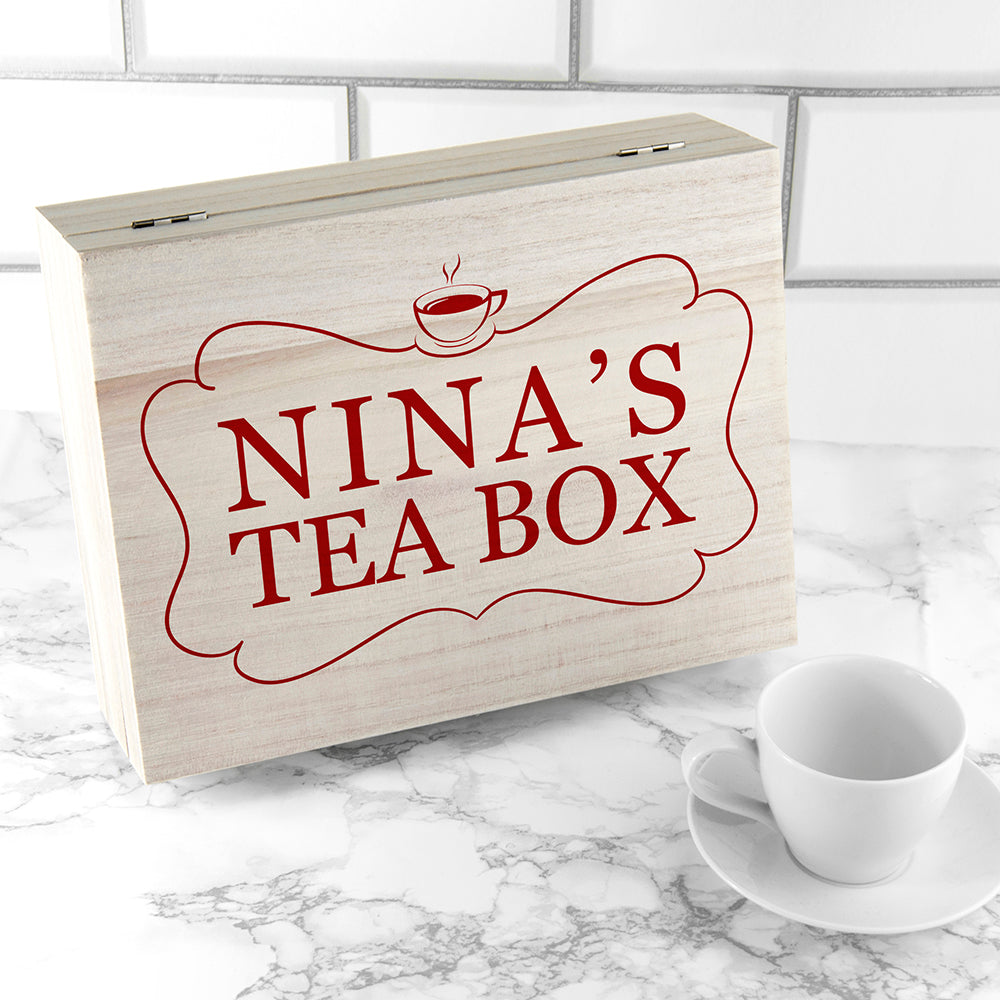 'Love Chai' Tea Box With Name - treat-republic
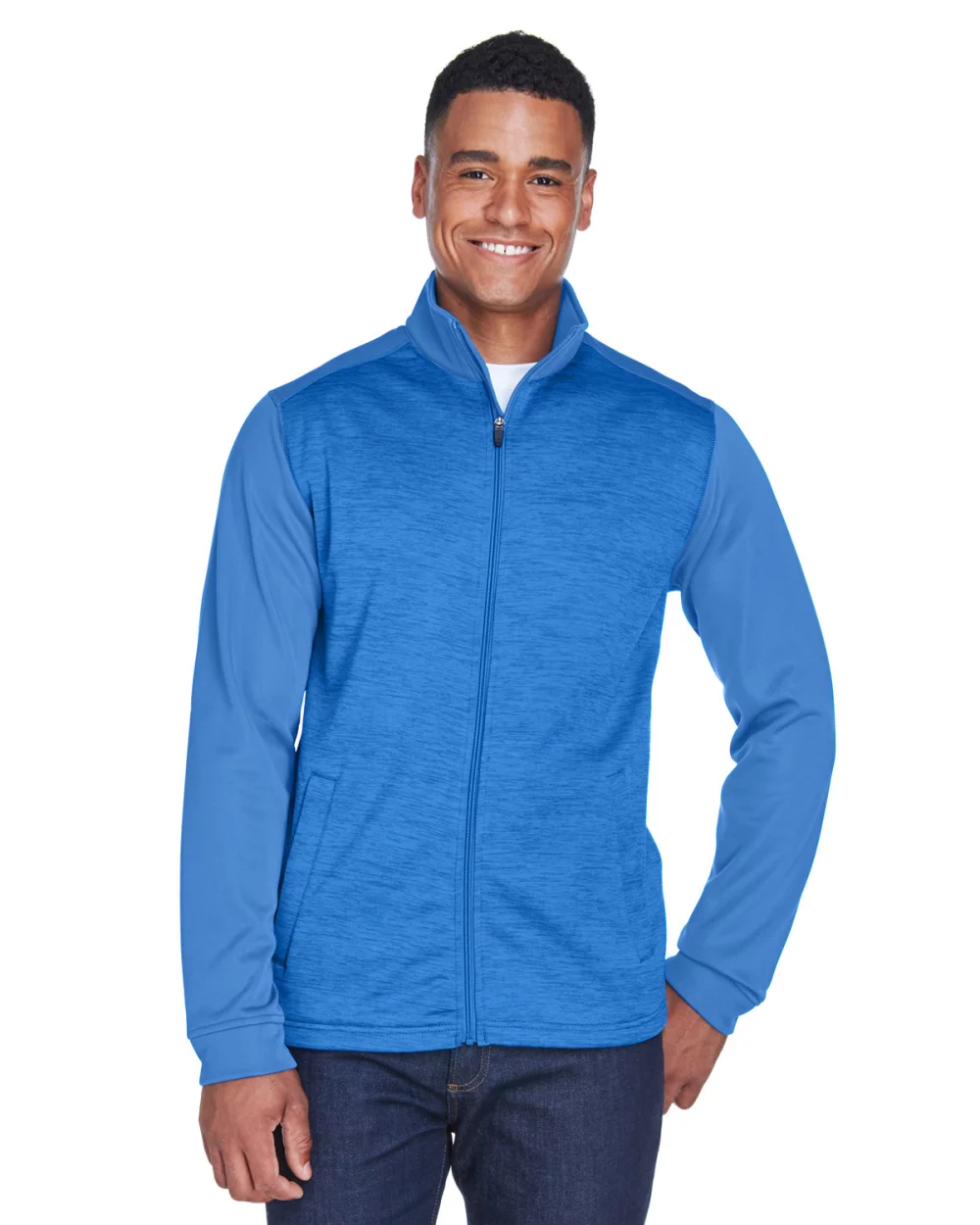 DEVON AND JONES Men's Newbury Colorblock M?lange Fleece Full-Zip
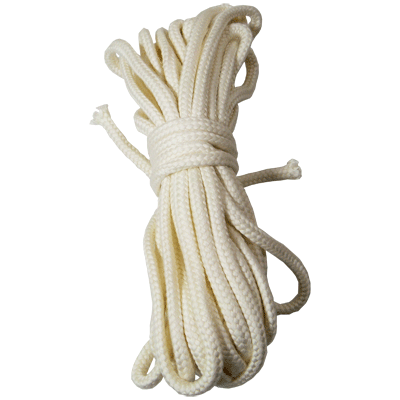 BTC Parlor Rope 50 ft. WHITE ( BTC3 - 10mm No core ) - Trick alternate view - Wizard Magic Shop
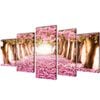 Canvas muurdruk print set kersenbloesem 200 x 100 cm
-- -- --
▶ [WHAT THE EXERCISE ASKS]: Your reply should hold every line above exactly as written and none of the pictures.

▶ [EXERCISE ANSWER]:
 'Love Chai' Tea Box With Name - treat-republic
 DEVON AND JONES Men's Newbury Colorblock M?lange Fleece Full-Zip
 BTC Parlor Rope 50 ft. WHITE ( BTC3 - 10mm No core ) - Trick alternate view - Wizard Magic Shop
 Canvas muurdruk print set kersenbloesem 200 x 100 cm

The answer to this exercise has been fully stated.